What is expected
Some entries follow. Reproduce exactly the lines starting at the one with "Toyota Hilux 2013" and stopping after the one with "TOYOTA COROLLA 2017 - 2T1BURHEXHC870941".

Exercise inputs
════

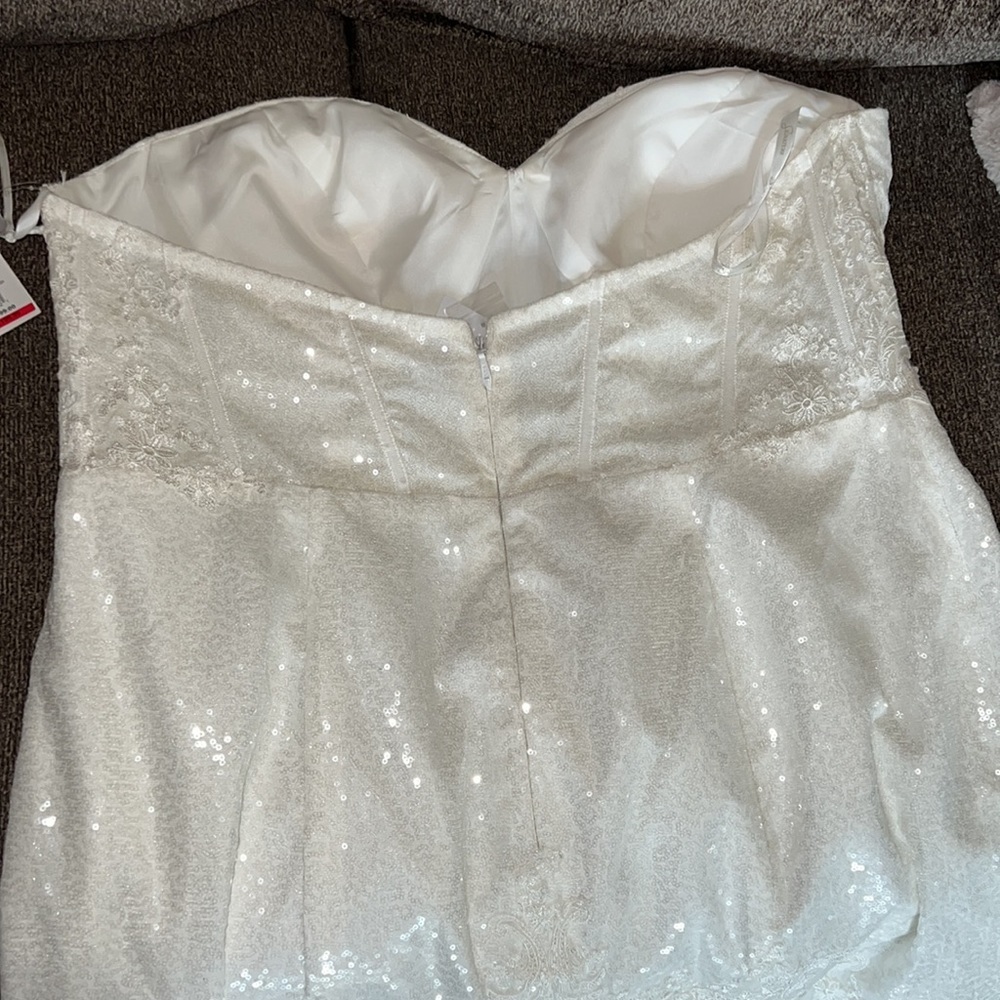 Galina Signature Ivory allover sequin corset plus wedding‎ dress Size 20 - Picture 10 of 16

════

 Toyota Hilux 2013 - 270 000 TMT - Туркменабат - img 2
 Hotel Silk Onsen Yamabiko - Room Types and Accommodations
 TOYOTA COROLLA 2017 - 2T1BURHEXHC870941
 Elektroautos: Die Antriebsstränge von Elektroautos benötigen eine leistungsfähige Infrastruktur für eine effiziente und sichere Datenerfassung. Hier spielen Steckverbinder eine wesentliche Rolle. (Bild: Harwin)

════

Result of this task
 Toyota Hilux 2013 - 270 000 TMT - Туркменабат - img 2
 Hotel Silk Onsen Yamabiko - Room Types and Accommodations
 TOYOTA COROLLA 2017 - 2T1BURHEXHC870941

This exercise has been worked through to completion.